Table 4 Association between CV conditions and work productivity and activity impairment

Discussion

This analysis of multinational, cross-sectional data representing real-world clinical practice confirms a high prevalence of physician-assessed anemia in patients with stage 3–4 NDD-CKD. In this population, anemia was associated with a higher number of concomitant conditions, in particular CVD. The presence of concomitant CVD and anemia was associated with reduced QoL measures and work productivity and greater activity impairment.

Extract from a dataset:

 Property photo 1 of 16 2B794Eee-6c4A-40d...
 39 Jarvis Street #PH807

Previous studies have shown that there is a direct relationship between older age and an increased prevalence in anemia, irrespective of renal function [18, 19]. Similar to these studies, we found that patients with anemia were significantly older than those without anemia. A US National Health and Nutrition Examination Survey (NHANES) study found that, in patients with CKD, CVD correlated with CKD severity as well as with age [20]. A UK prospective, observational study in patients with CKD, followed up from the time of diagnosis of diabetes, found that CVD was the most common cause of mortality, and that CVD risk increased with progression of nephropathy from 0.7% in non-nephrotic patients to 12.1% in patients with the most advanced stage of nephropathy (i.e., elevated plasma creatinine or renal replacement therapy). Additionally, the proportion of CV-related deaths increased from 51% in non-nephrotic patients to 75% in patients with advanced nephropathy [21]. It has been suggested that the pathophysiologic mechanisms underlying CKD and CVD may mutually amplify each other, therefore causing a greater impact on patient health [22]. Furthermore, as demonstrated by de Silva et al. [23], a high proportion of patients with CVD have both CKD and anemia, and these two conditions are closely related. In this population, anemia and CKD are associated with increased all-cause mortality, and this risk has been shown to be additive [22, 23].

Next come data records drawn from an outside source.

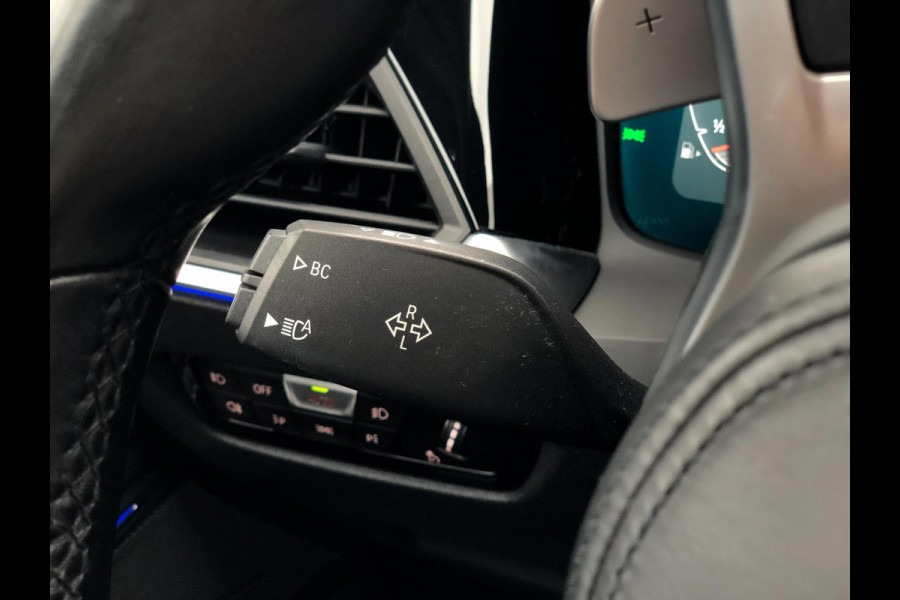 BMW 3-serie 330i High Executive Edition | M Sport | Pano, Leder, Navi, Stoelverw., PDC, Cruise, Climate | Dealeroh. | Individual |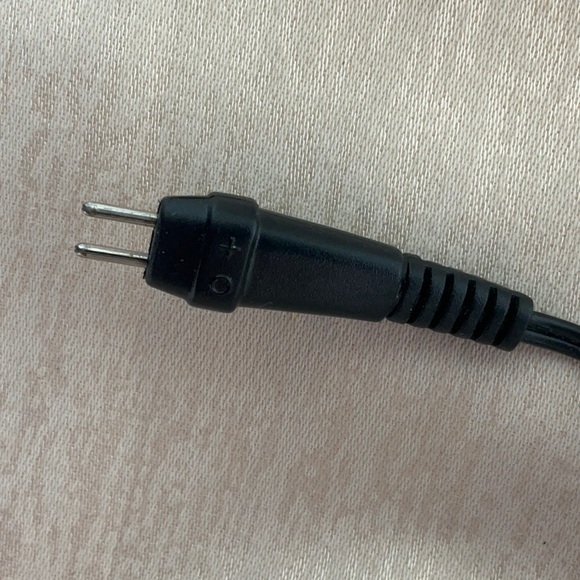 14” Porcelain Angel Fiber Optic Tree Topper-missing cord - Picture 10 of 13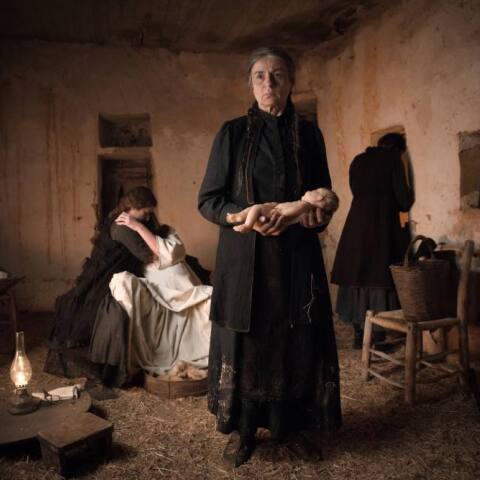 fonissa_athens_voice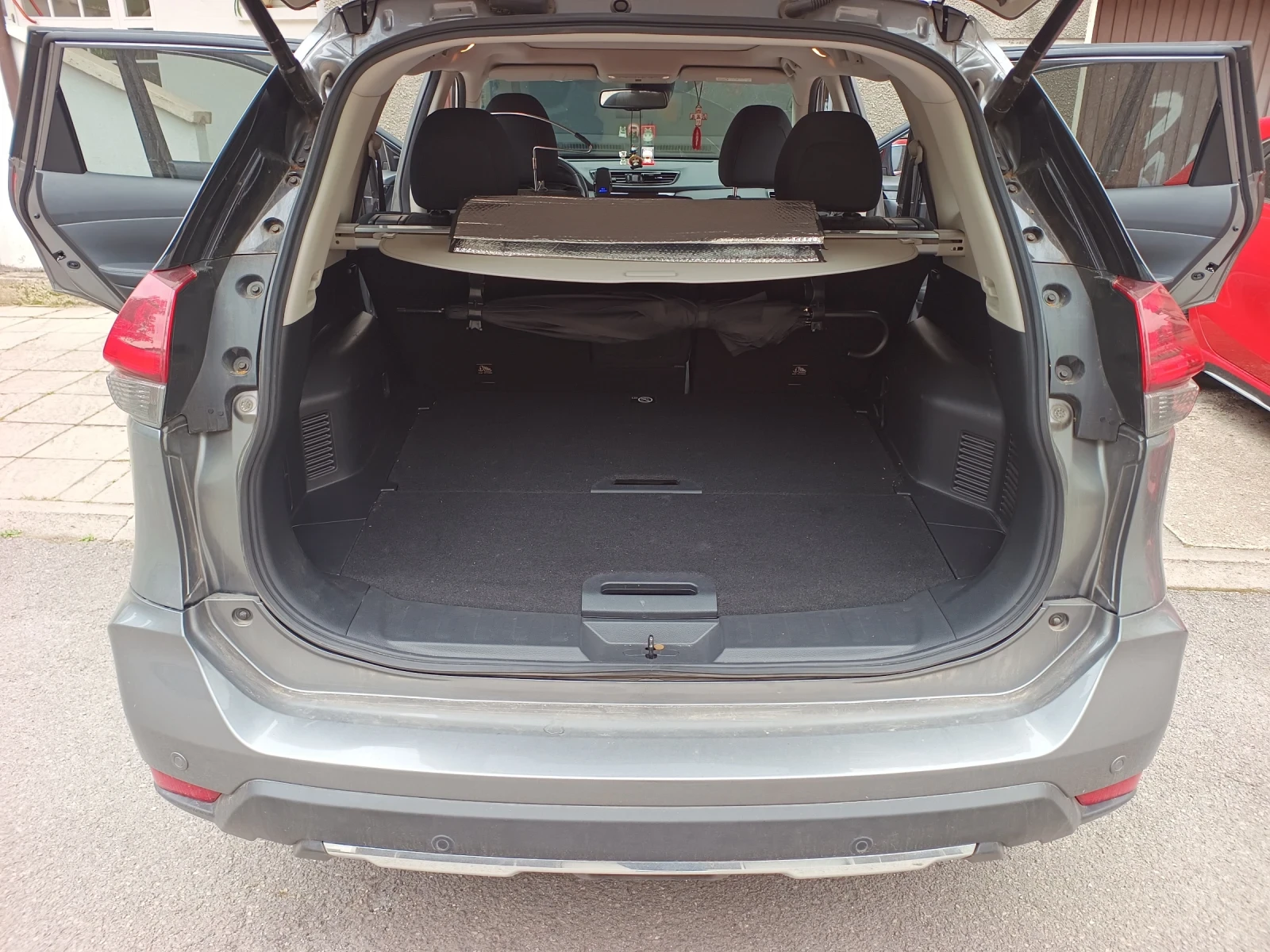 Nissan X-trail Т32, снимка 6 - Автомобили и джипове - 55224443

A recent study demonstrated that anemia in CKD is associated with increased disease burden and activity impairment as well as with diminished QoL [24]. Significantly lower QoL has previously been demonstrated in patients with CKD compared with matched controls, even in early stages of disease, with scores deteriorating at more advanced CKD stages [25]. The current study goes further and shows that, in a CKD population, the presence of both anemia and CVD is associated with a lower QoL, as measured by several QoL measures.

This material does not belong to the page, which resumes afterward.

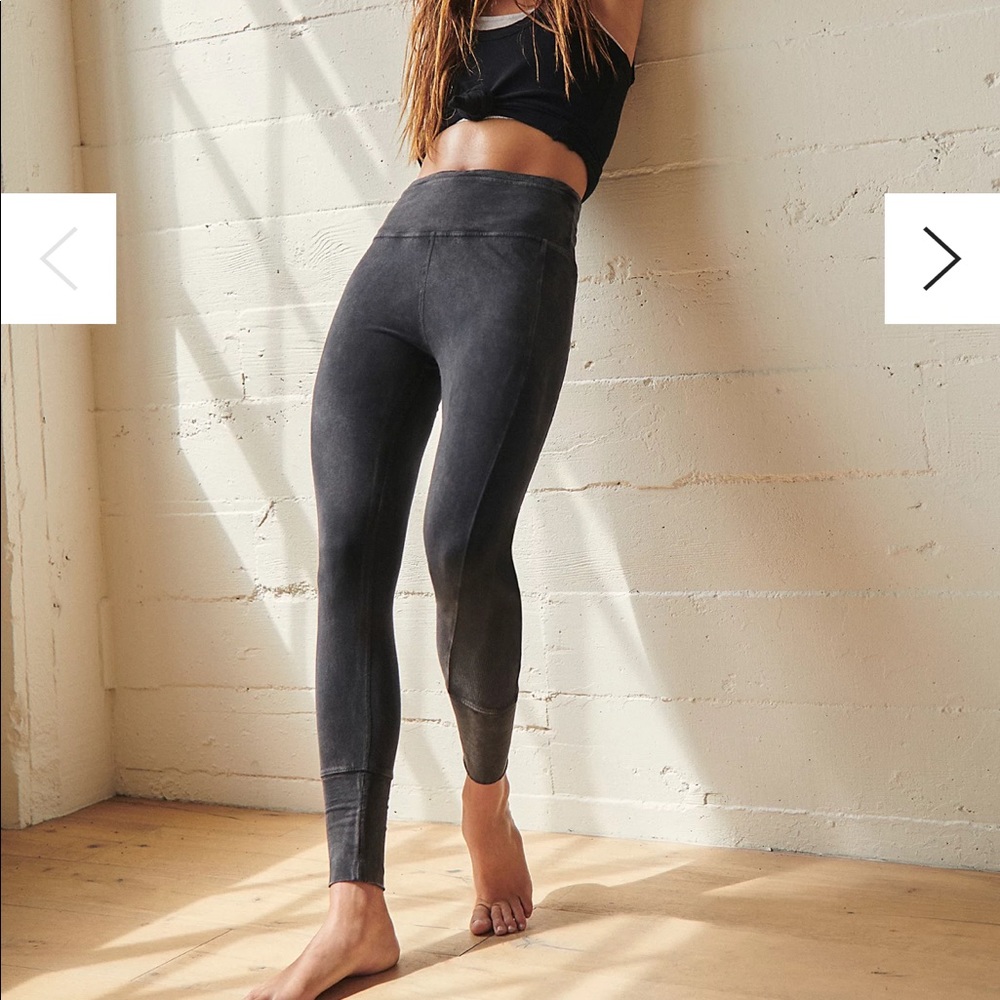 RARE Free People Movement Leggings - Size XS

This study has limitations that should be considered when interpreting the results. Selection bias may have occurred as a result of recruiting a selected group of physicians to enroll patients. In addition, because inclusion depended on the patient attending a clinic, patients who attend more frequently were more likely to be enrolled. Although consecutive sampling provides representation of a real-world consulting CKD population, this design may limit the generalizability of the results. Furthermore, less than half of the enrolled patients completed the patient self-completion form that captured QoL data. As participants could have pre-existing CKD, no standardized diagnostic procedure for CKD was used, and adjustments for kidney function were not made. In addition, although the cutoff criteria for anemia were defined in accordance with KDIGO guidelines, patients receiving anemia treatment, or who had a physician-confirmed diagnosis of anemia, were classified as being anemic without further testing. Another limitation of this study is that there are no data on iron parameters (i.e., ferritin, transferrin saturation). It is well known that iron is a crucial element that reduces platelet count and also improves mitochondrial and cardiac function [26, 27]. Understanding more about iron stores can reveal meaningful pathways in the relationship between anemia and CVD in patients with CKD. Lastly, as this was an observational study of data obtained from existing medical records, the non-interventional and cross-sectional design do not allow for any cause and effect inferences to be made.

Conclusions

In this cross-sectional survey of clinical practice, a high prevalence of anemia was found in patients with CKD. CVD comorbidities were more common among anemic patients compared with non-anemic patients, and were associated with significant decreases in QoL indicators.